MASTERS OF THE YO MAMA JOKE

Yo mama jokes have entertained African-Americans for generations. It has only been within the last twenty years that this form of comedic entertainment has found its way into the mainstream and come to the attention of those outside the African-American community. This is largely attributed to one Las Vegas entertainer – George Wallace. This Atlanta-based comedian sparred with his on-air nemesis, Jay Anthony Brown, of Columbia, South Carolina, for years on the Tom Joyner Morning Show, exchanging barbs and entertaining listeners with a barrage of yo mama jokes.
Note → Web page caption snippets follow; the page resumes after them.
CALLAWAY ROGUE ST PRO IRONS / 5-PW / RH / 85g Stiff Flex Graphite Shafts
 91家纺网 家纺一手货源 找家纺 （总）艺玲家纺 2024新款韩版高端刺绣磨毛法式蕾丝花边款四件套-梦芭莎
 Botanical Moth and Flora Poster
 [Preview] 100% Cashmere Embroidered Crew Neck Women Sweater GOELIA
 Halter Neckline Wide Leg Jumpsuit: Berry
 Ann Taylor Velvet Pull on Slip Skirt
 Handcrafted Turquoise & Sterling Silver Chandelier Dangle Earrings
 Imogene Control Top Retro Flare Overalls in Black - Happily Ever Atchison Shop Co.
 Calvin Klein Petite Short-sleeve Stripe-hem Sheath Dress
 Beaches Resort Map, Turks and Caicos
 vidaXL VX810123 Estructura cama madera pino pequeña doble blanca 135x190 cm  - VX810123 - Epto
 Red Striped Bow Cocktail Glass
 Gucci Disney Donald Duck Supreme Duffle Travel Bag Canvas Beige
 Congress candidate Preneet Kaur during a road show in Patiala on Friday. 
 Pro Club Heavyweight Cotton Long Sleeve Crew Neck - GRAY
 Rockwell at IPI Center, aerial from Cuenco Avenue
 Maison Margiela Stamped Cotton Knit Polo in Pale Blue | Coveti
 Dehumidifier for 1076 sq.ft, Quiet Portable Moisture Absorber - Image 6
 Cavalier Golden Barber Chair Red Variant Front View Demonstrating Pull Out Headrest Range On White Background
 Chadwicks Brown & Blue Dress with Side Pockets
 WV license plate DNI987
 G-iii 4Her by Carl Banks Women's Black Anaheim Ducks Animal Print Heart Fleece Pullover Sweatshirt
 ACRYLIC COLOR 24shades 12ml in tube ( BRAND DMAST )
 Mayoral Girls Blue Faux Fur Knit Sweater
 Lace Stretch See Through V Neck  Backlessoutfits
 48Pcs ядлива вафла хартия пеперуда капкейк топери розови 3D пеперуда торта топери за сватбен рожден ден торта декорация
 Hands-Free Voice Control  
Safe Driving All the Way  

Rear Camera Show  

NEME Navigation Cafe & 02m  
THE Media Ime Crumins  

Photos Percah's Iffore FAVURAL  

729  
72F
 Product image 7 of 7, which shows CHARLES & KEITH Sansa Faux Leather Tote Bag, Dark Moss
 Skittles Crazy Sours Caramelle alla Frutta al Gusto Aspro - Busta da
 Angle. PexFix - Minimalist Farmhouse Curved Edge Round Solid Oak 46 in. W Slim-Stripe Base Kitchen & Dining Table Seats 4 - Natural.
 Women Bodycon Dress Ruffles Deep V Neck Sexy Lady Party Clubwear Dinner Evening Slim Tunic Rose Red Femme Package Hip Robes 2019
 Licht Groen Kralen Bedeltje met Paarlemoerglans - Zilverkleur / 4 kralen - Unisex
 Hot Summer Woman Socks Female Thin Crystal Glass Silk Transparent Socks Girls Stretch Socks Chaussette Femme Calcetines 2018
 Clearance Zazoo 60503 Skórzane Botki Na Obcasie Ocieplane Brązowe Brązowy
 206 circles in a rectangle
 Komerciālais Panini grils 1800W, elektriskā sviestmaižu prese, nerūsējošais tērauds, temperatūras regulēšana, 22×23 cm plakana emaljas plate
Morning commuters were stopped dead in their tracks, gasping for breath as the two went at each other with unbridled bravado, hurling mama jokes back and forth reminiscent of many neighborhood verbal battles of the 1960s and 1970s and before.

Their oratorical skirmishes were not only entertaining, they were enlightening. Tom Joyner’s audience, while mostly African-American has always been homogenized, made up of a unique blend of Caucasian, Hispanic, African-American and every ethnic group that calls the United States home. With the advent of internet radio, the Tom Joyner Morning Show found an international audience, and George and Jay’s yo mama jokes travelled around the world via the internet with the rest of the show. American soldiers stationed in far reaches around the globe were able to listen in as Jay sat in the studio and quipped about Mrs. Wide Load Wallace and George shot back from his Las Vegas perch with side splitting comebacks about Jay’s mama and her shortcomings.

George Wallace and Jay Anthony Brown were, by far, not even close to inventing the yo mama joke, but they are to be credited with bringing the genre to the forefront in America as well as the rest of the world.